A jury found Frederick Richardson guilty of possession of the narcotic drug heroin. He appeals on a number of different grounds.

The case was tried in the Fourth Judicial District in Fairbanks by Judge Ripley, whose official station was in the Third Judicial District in Anchorage. After the case had gone to the jury, Judge Ripley departed for Anchorage. Apparently Judge Van Hoomissen, the presiding judge of the Fourth Judicial District in Fairbanks, was to receive the verdict.

After debating for an unknown length of time, the jury foreman gave a note to the bailiff, stating that the jury would like to rehear the recorded testimony of three witnesses. The bailiff telephoned Judge Van Hoomissen sometime after the dinner hour, and he told the bailiff to go ahead and let the jury hear the testimony. An in-court deputy called the judge later and said she had played the tapes for the jury and was going home.

The judge was not present when the replay of the tapes was made. Although the bailiff had the telephone numbers of counsel for the state and the defense, no attempt was made to notify them. Neither they nor the defendant were present at the replay of the testimony. It is not entirely clear from the record what particular testimony was played back to the jury, although defense counsel stated that he thought it was the testimony of the state's witnesses Aldridge, Brown, and Thomas. But there is no certainty as to this, and there is nothing to indicate if all or only a portion of a particular witness' testimony was played back to the jury. No recording of the replay proceedings was made in court, so there is no way of ascertaining whether the in-court deputy or the bailiff, or anyone else who might have been present, in anyway communicated with the jury, or whether the jury communicated among themselves or with anyone else at this time. In short, about all we know from the record is that the jury was permitted to hear a replay of a portion of some testimony given at the trial and that neither the judge, the state's attorney, the defense counsel, nor the defendant was present at the time.

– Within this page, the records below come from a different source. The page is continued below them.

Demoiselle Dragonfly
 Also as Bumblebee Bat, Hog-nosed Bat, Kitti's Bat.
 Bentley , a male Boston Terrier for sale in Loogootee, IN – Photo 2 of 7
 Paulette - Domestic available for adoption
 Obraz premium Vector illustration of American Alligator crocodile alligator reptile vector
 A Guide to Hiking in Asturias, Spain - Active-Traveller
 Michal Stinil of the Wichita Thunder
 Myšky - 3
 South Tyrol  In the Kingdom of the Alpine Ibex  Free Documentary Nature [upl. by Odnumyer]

In the absence of an express waiver by a defendant in a criminal case, we have held that it is constitutional error for a judge to permit the playback of testimony in the defendant's absence. State v. Hannagan, 559 P.2d 1059, 1065 (Alaska 1977). Where such constitutional error exists, as it does here, the judgment of conviction must be reversed unless the court is able to declare that the error is harmless beyond a reasonable doubt. Hannagan, supra. The state must establish beyond a reasonable doubt that such an error "did not contribute to the verdict obtained." Braham v. State, 571 P.2d 631, 645 (Alaska 1977).

Except for what we have stated, the record is silent on what transpired when the playback took place. It is not inconceivable that portions of the testimony selected by the jury for rehearing would have placed undue emphasis on the state's case against Richardson, whereas other testimony, not played back, would have had the effect of modifying the impact of what the jury reheard. At least, had the judge, counsel, and defendant been present, Richardson's attorney might have made objections or suggestions that could have affected the judge's discretion in determining what portions of the recorded testimony the jurors should have been permitted to have played back to them.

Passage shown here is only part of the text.